* [WHAT IS BEING ASKED]
In the entries that follow, find the line containing "SCORPIO zodiac étoile" and the line containing "Fototapeta premium Urban", then copy exactly everything from the first through the second except the pictures.
(Beginning of DATASET RECORDS)
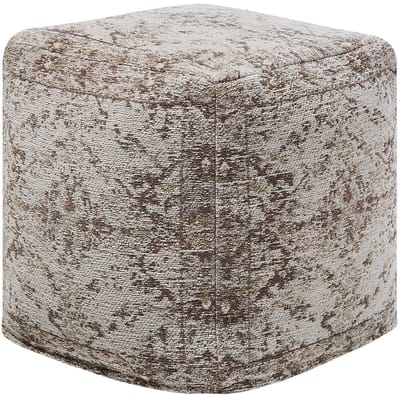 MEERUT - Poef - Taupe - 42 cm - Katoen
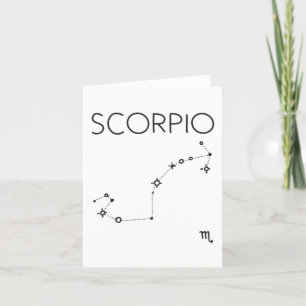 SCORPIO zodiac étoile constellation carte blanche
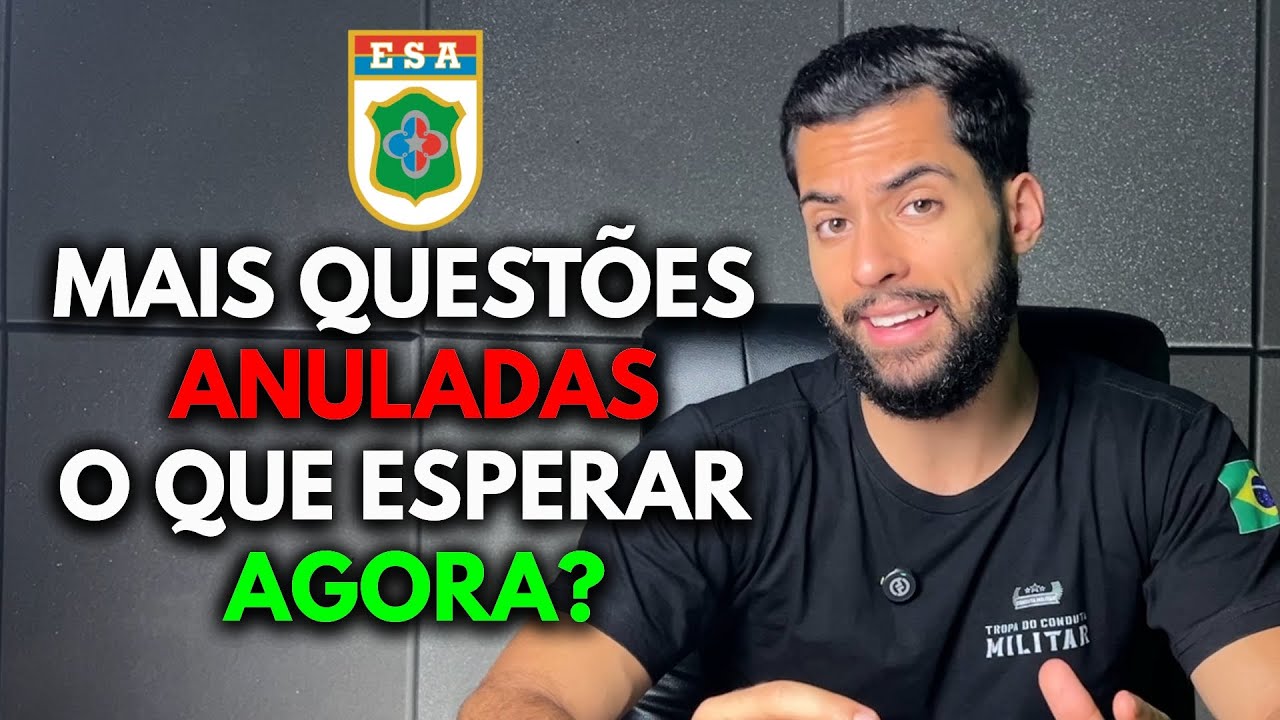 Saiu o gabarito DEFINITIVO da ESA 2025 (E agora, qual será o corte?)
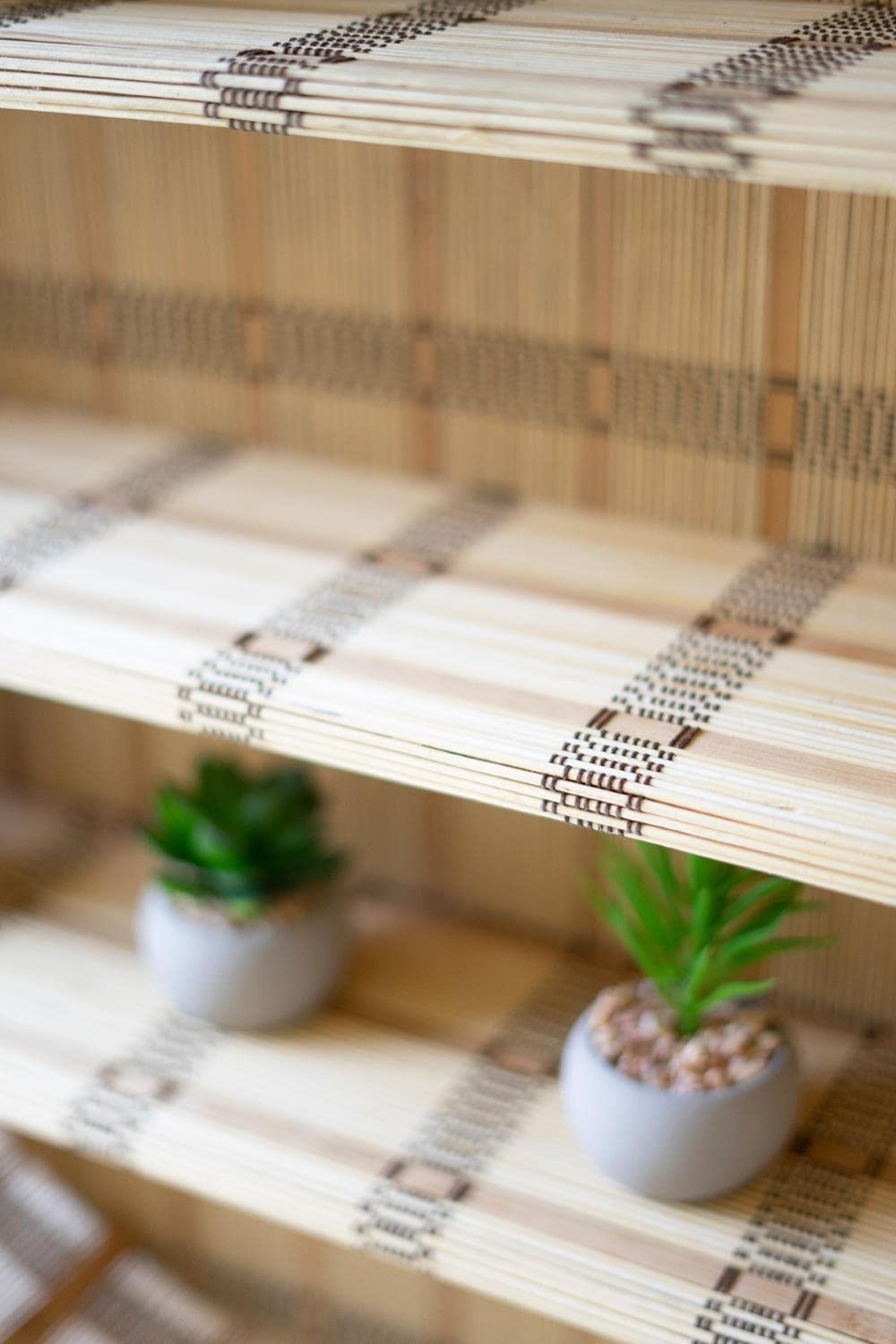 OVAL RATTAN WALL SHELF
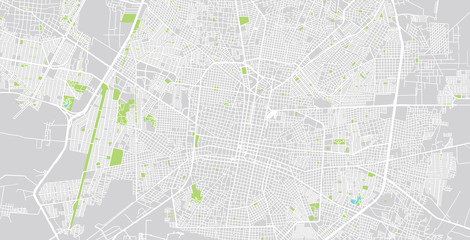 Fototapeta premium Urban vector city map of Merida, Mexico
(End of DATASET RECORDS)
(Beginning of DATASET RECORDS)
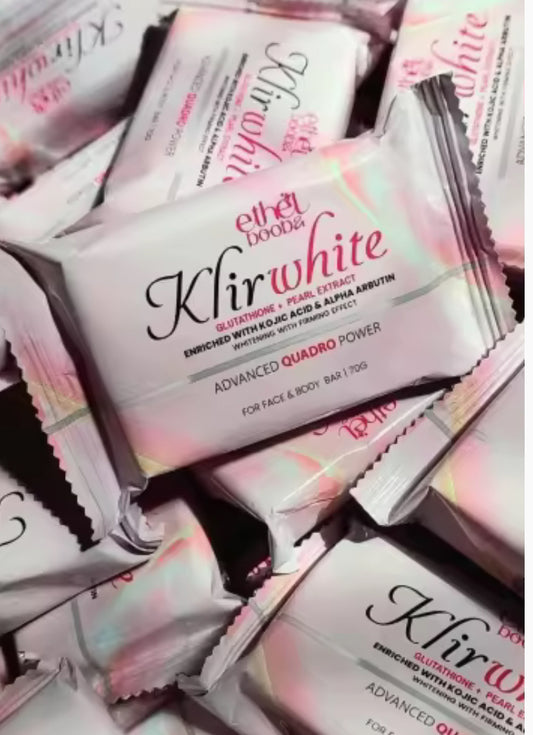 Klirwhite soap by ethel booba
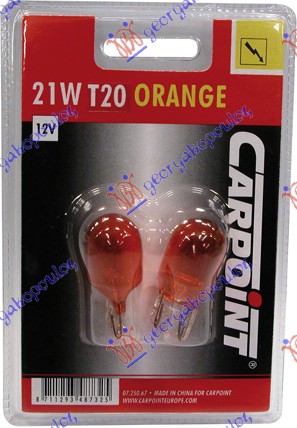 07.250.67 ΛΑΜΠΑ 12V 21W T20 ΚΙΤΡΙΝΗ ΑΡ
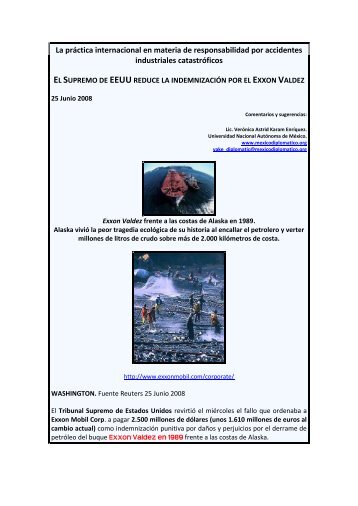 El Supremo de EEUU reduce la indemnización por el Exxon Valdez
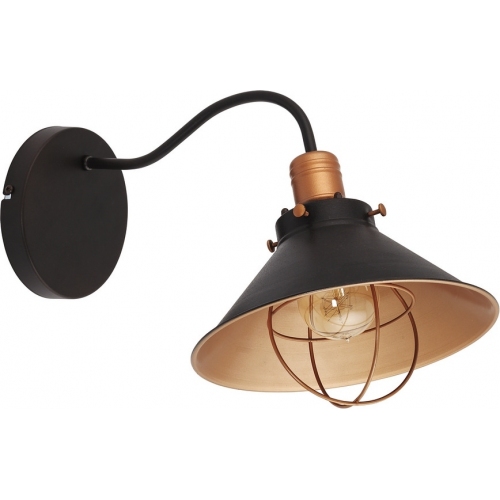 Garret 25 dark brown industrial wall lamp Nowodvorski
(End of DATASET RECORDS)
(Beginning of DATASET RECORDS)
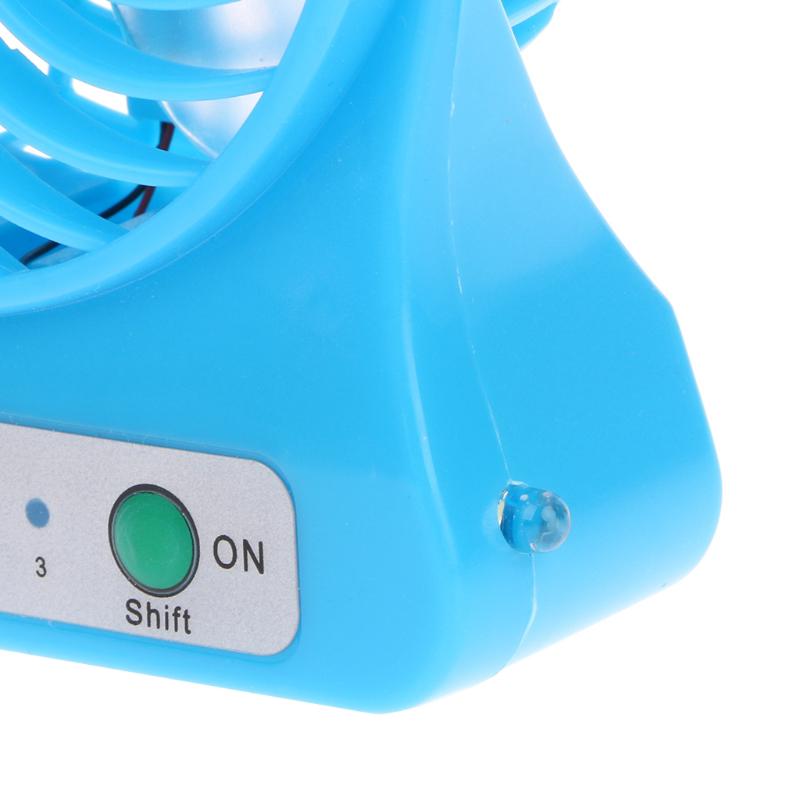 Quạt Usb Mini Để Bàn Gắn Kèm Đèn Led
(End of DATASET RECORDS)
* [ANSWER TO THIS TASK]
 SCORPIO zodiac étoile constellation carte blanche
 Saiu o gabarito DEFINITIVO da ESA 2025 (E agora, qual será o corte?)
 OVAL RATTAN WALL SHELF
 Fototapeta premium Urban vector city map of Merida, Mexico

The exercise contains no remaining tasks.